*TRY IT*
What is wanted is every line below from the one with "Em baixo e sentados: P." up to and including the one with "Mitsubishi Outlander P-HEV", retyped exactly, pictures excluded, nothing else.
►
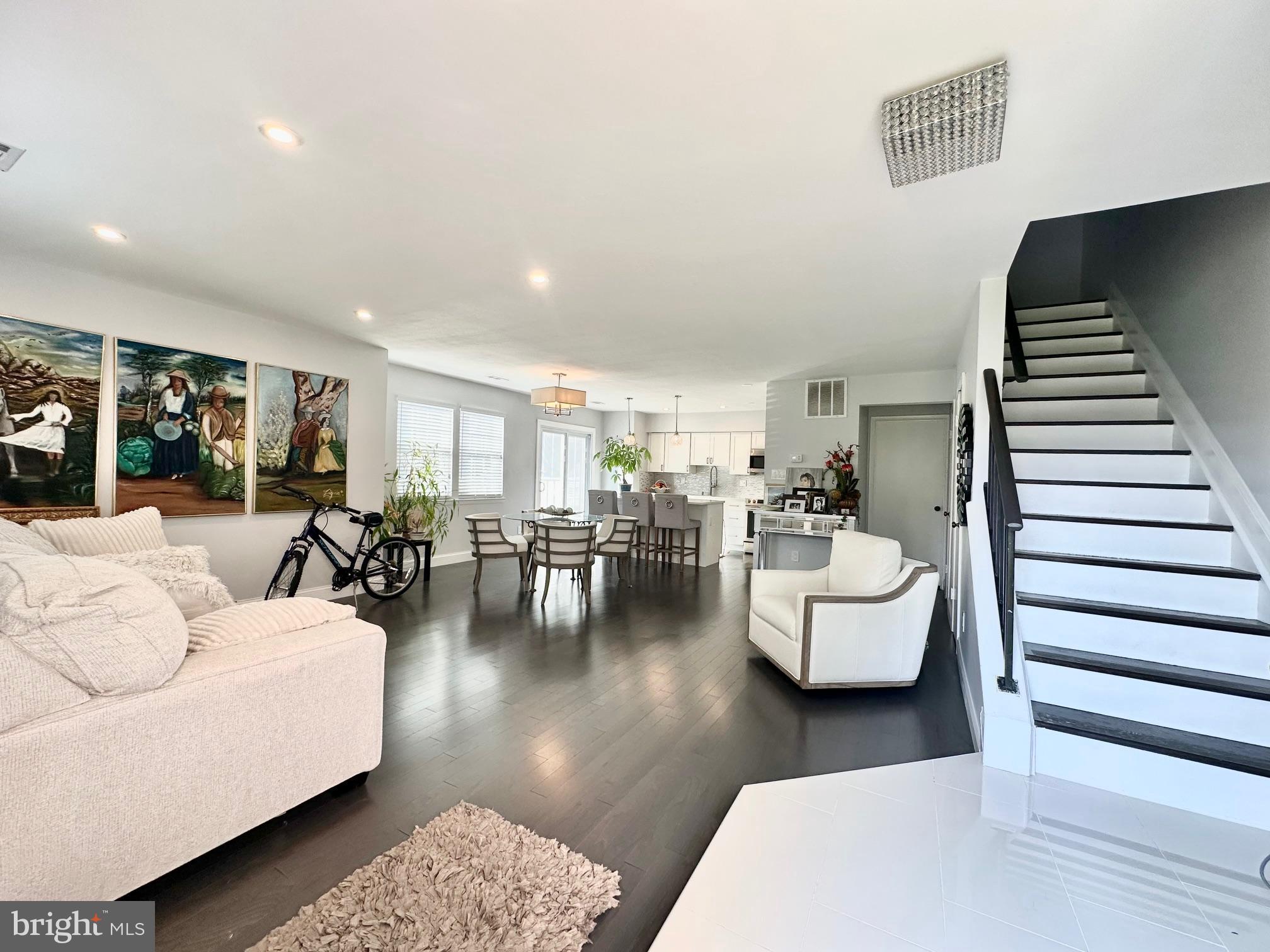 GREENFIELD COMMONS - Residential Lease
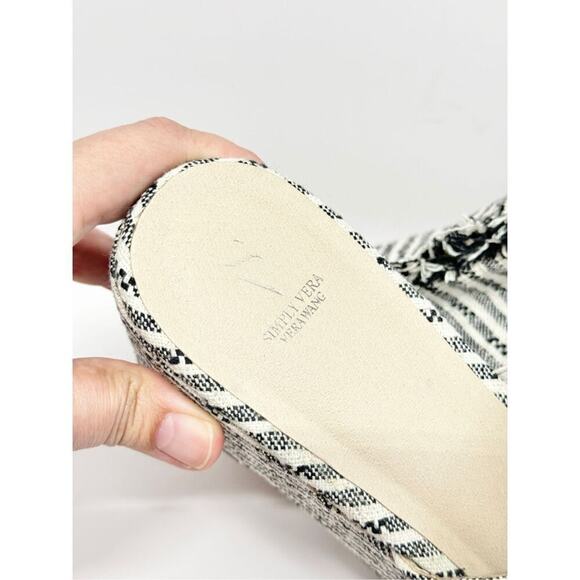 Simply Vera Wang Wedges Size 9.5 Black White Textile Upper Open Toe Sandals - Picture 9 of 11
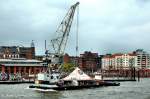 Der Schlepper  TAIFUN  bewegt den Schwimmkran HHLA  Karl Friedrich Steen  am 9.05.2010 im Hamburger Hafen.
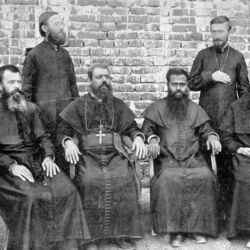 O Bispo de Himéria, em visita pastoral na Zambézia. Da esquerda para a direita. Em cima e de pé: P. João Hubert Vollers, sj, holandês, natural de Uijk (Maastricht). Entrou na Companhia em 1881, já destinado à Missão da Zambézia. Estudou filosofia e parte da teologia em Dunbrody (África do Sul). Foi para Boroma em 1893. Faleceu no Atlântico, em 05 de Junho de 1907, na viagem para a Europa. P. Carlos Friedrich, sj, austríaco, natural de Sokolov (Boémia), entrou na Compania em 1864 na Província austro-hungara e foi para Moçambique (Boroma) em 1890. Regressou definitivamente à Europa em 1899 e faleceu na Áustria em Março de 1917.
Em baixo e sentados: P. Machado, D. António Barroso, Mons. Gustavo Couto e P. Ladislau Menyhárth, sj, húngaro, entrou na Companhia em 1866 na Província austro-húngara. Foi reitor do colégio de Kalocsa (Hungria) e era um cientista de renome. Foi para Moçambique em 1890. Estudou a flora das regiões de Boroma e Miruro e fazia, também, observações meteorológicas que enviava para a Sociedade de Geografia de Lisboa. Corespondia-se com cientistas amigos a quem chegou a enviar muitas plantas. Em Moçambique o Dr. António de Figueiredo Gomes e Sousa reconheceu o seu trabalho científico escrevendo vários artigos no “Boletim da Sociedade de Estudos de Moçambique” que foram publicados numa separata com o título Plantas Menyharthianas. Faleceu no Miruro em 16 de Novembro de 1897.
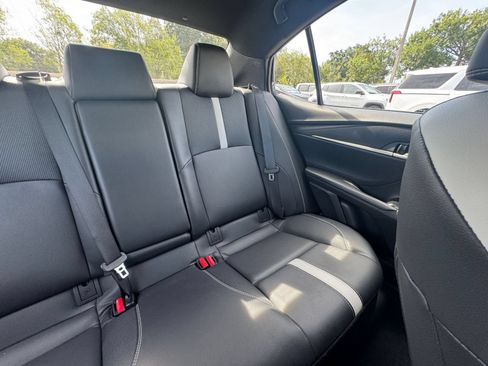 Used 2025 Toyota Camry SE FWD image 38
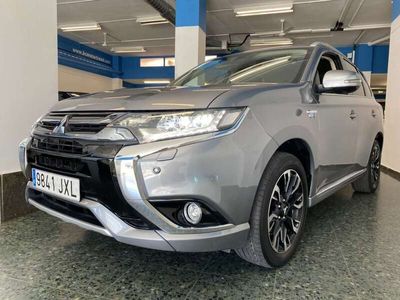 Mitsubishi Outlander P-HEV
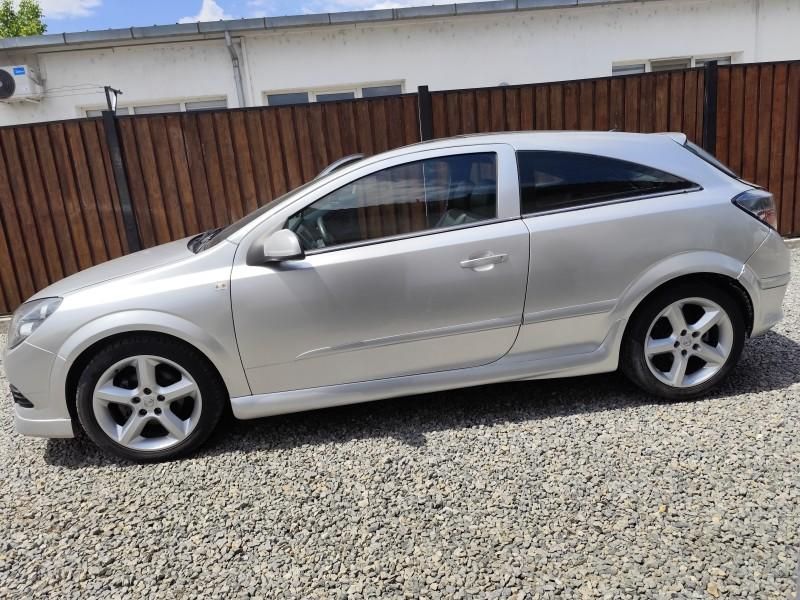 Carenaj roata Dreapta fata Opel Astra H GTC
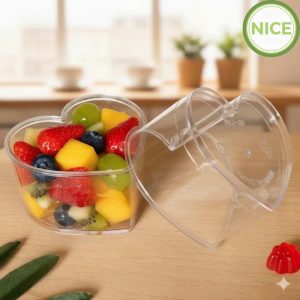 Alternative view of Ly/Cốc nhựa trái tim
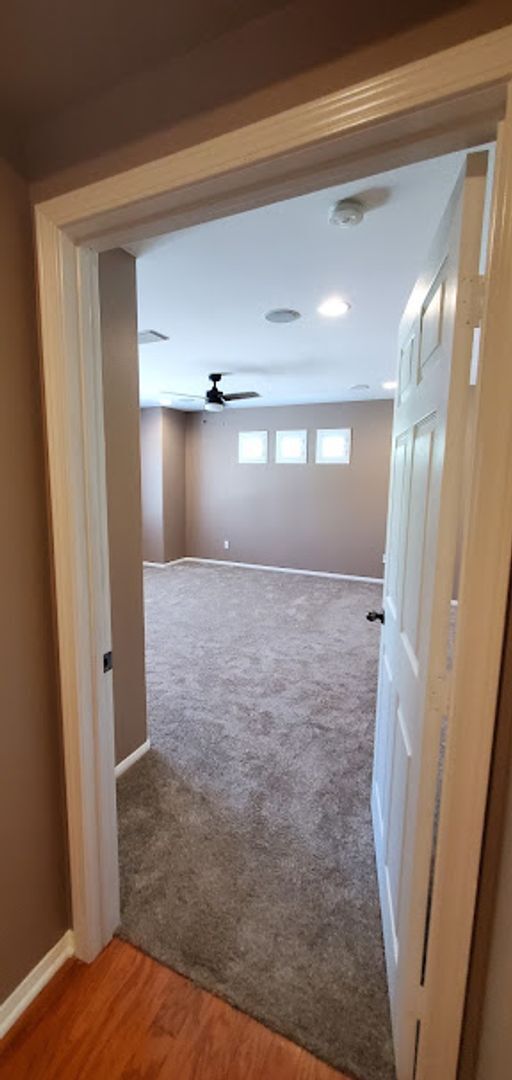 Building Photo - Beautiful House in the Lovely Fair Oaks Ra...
◄
►
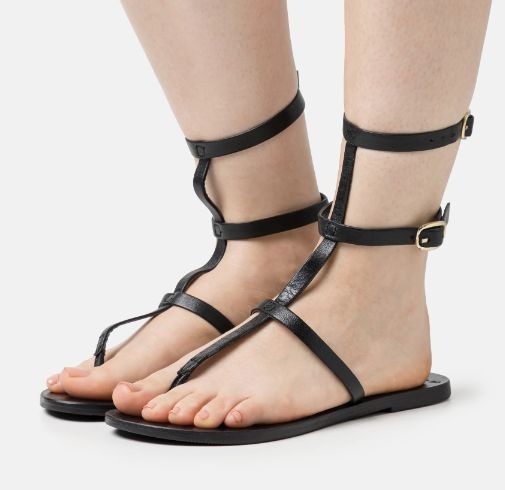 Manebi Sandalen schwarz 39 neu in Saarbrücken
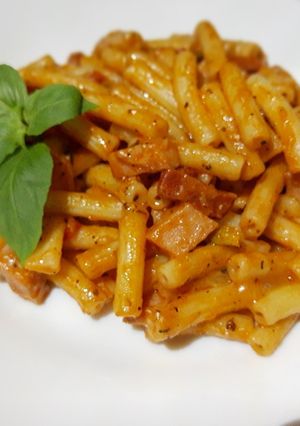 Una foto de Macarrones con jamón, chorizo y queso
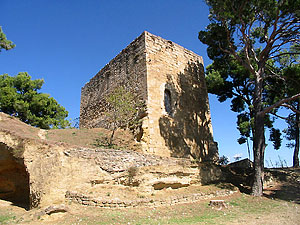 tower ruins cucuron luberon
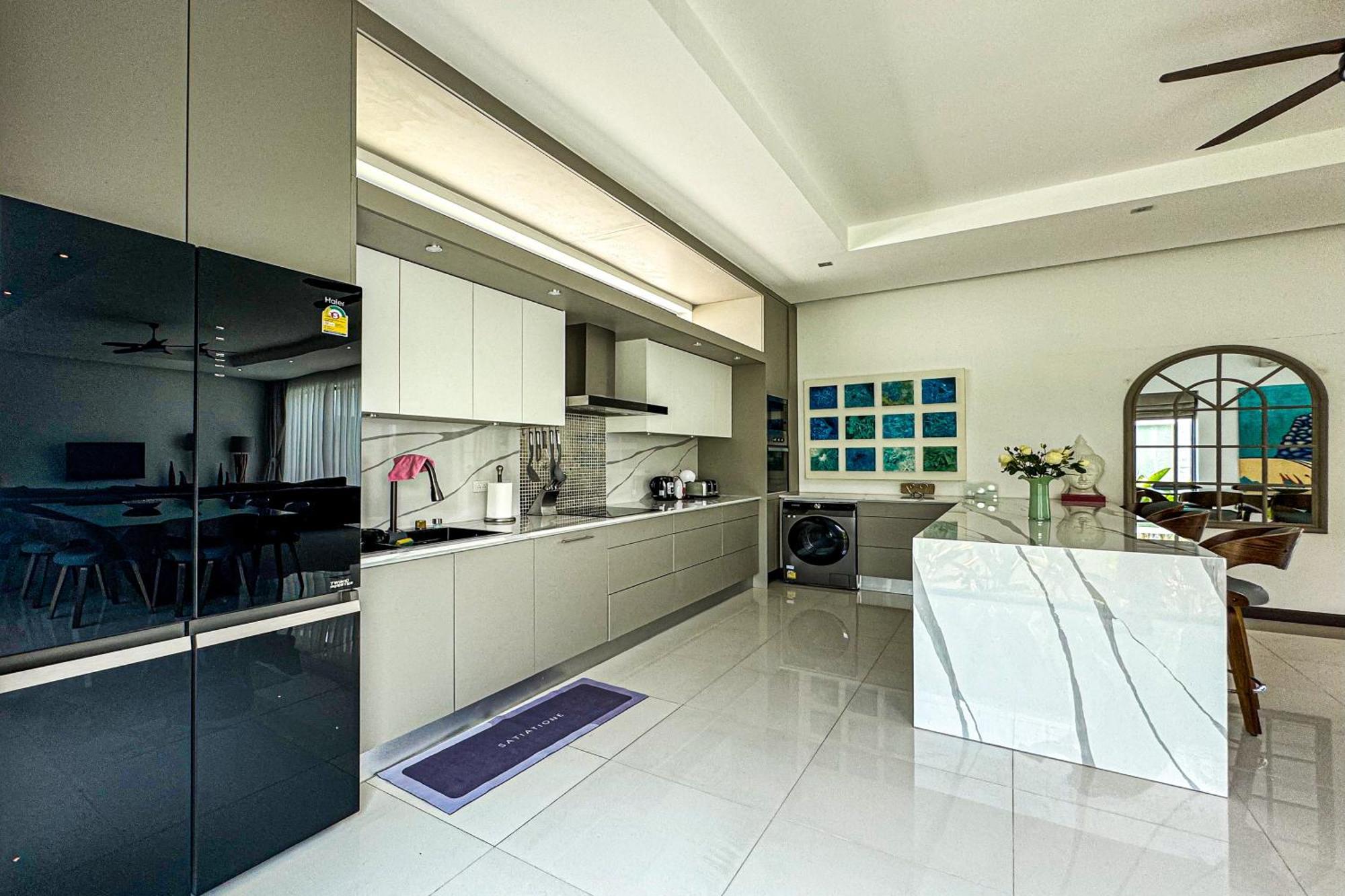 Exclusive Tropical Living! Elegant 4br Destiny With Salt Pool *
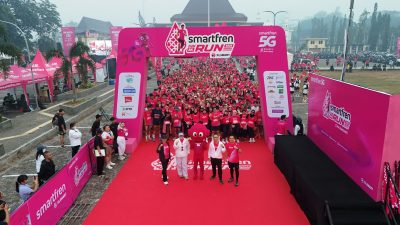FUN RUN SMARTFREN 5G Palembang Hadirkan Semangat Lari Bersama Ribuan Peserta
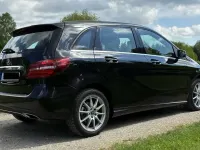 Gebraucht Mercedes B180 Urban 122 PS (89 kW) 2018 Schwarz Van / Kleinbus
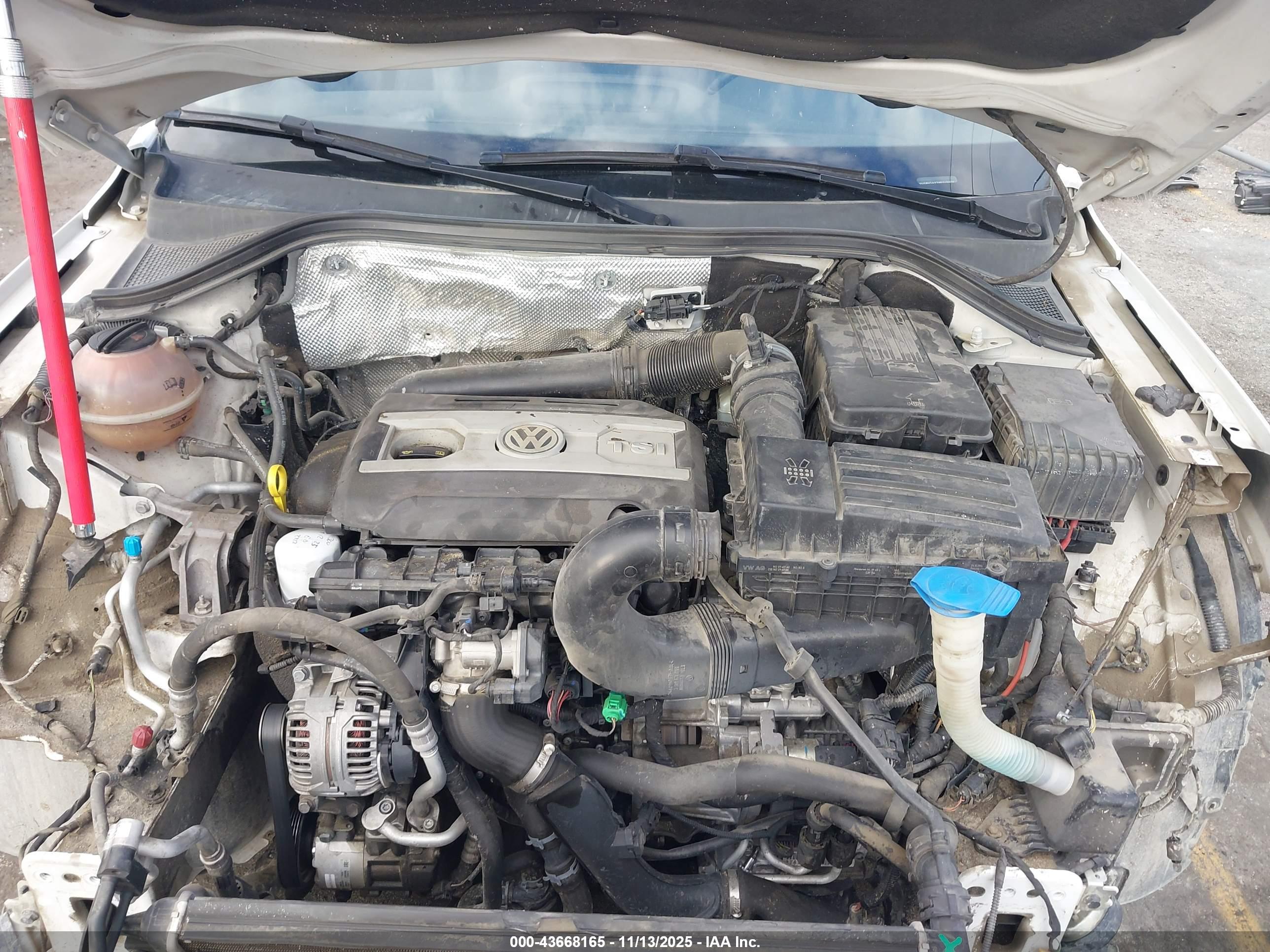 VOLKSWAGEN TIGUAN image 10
◄
*YOUR RESPONSE*
Em baixo e sentados: P. Machado, D. António Barroso, Mons. Gustavo Couto e P. Ladislau Menyhárth, sj, húngaro, entrou na Companhia em 1866 na Província austro-húngara. Foi reitor do colégio de Kalocsa (Hungria) e era um cientista de renome. Foi para Moçambique em 1890. Estudou a flora das regiões de Boroma e Miruro e fazia, também, observações meteorológicas que enviava para a Sociedade de Geografia de Lisboa. Corespondia-se com cientistas amigos a quem chegou a enviar muitas plantas. Em Moçambique o Dr. António de Figueiredo Gomes e Sousa reconheceu o seu trabalho científico escrevendo vários artigos no “Boletim da Sociedade de Estudos de Moçambique” que foram publicados numa separata com o título Plantas Menyharthianas. Faleceu no Miruro em 16 de Novembro de 1897.
 Used 2025 Toyota Camry SE FWD image 38
 Mitsubishi Outlander P-HEV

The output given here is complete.